Aim of the task:
Of all the lines below, output only those starting at the one with "2022 John Deere HD50F Header Combine" and ending at the one with "Внедорожник / Кроссовер", both ends included, exactly as written.

Given entries:
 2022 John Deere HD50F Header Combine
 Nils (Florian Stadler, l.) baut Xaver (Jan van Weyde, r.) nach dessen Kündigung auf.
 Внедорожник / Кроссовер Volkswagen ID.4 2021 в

* * *

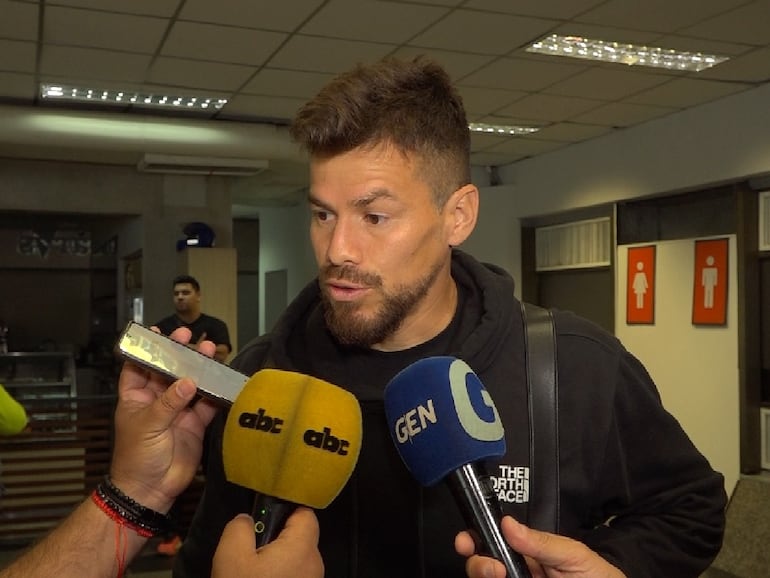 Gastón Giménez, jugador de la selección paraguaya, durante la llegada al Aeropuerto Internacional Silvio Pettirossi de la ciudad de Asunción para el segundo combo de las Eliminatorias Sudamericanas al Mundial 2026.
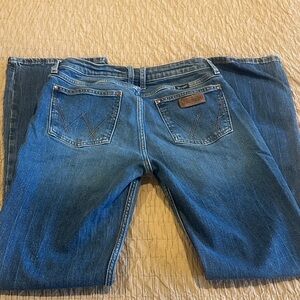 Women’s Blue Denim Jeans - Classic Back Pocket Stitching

==

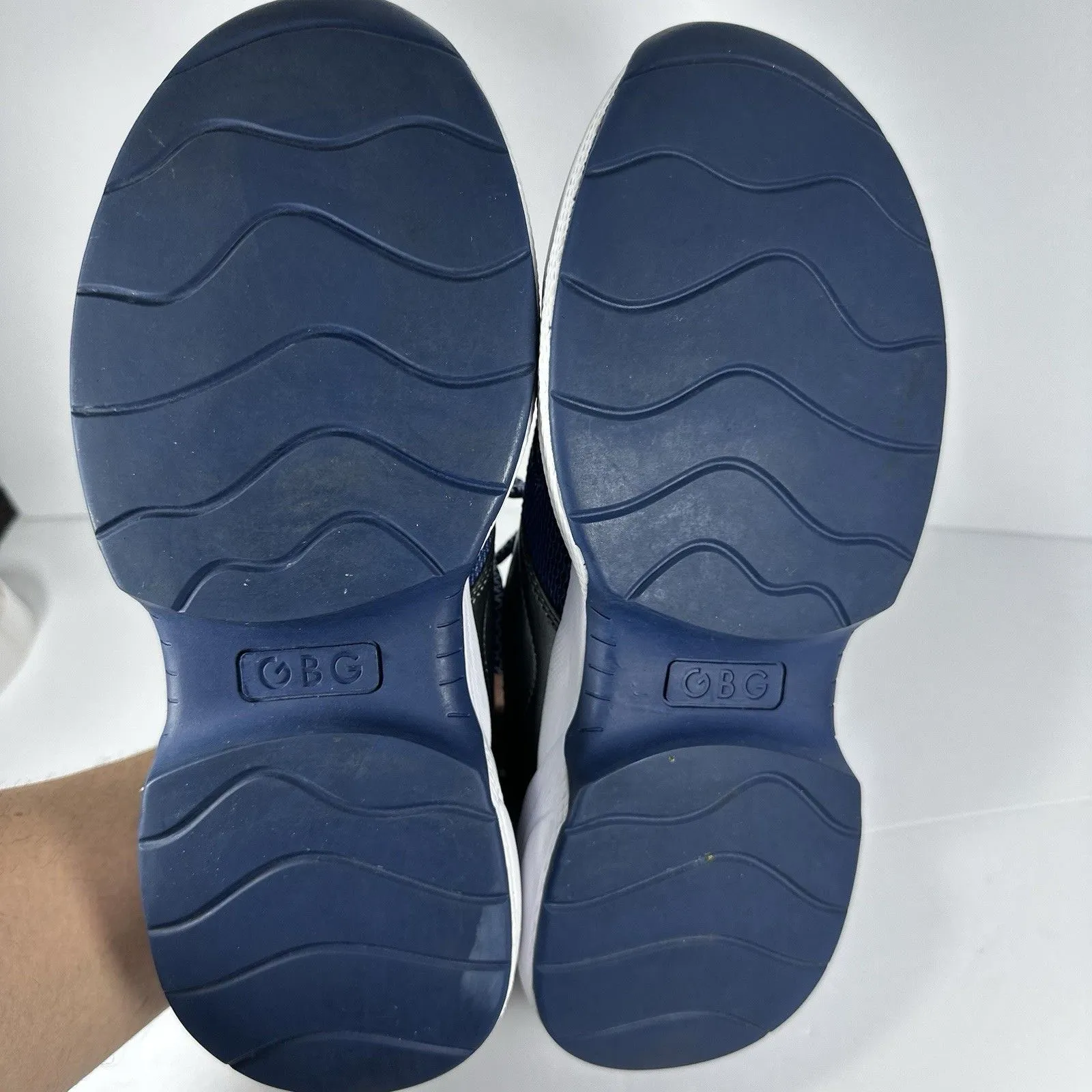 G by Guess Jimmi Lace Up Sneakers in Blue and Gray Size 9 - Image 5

Answer space:
 2022 John Deere HD50F Header Combine
 Nils (Florian Stadler, l.) baut Xaver (Jan van Weyde, r.) nach dessen Kündigung auf.
 Внедорожник / Кроссовер Volkswagen ID.4 2021 в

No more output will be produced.